**Problem requirements**:
No line before the one containing "Photo 10 of" should appear; that line and all lines after it, through the end of the data, are to be set down exactly.
>>
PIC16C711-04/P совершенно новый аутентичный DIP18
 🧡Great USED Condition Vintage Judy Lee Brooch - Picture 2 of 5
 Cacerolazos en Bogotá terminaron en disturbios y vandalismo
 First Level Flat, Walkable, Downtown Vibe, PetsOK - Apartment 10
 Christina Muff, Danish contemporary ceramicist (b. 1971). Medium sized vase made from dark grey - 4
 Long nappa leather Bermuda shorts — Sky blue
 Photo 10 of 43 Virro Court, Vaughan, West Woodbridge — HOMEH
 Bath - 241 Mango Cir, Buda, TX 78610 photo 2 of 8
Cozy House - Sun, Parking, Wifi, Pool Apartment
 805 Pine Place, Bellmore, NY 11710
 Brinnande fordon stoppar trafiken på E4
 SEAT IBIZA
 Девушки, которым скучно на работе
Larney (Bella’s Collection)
<<
**Response to the task**:
 Photo 10 of 43 Virro Court, Vaughan, West Woodbridge — HOMEH
 Bath - 241 Mango Cir, Buda, TX 78610 photo 2 of 8
Cozy House - Sun, Parking, Wifi, Pool Apartment
 805 Pine Place, Bellmore, NY 11710
 Brinnande fordon stoppar trafiken på E4
 SEAT IBIZA
 Девушки, которым скучно на работе
Larney (Bella’s Collection)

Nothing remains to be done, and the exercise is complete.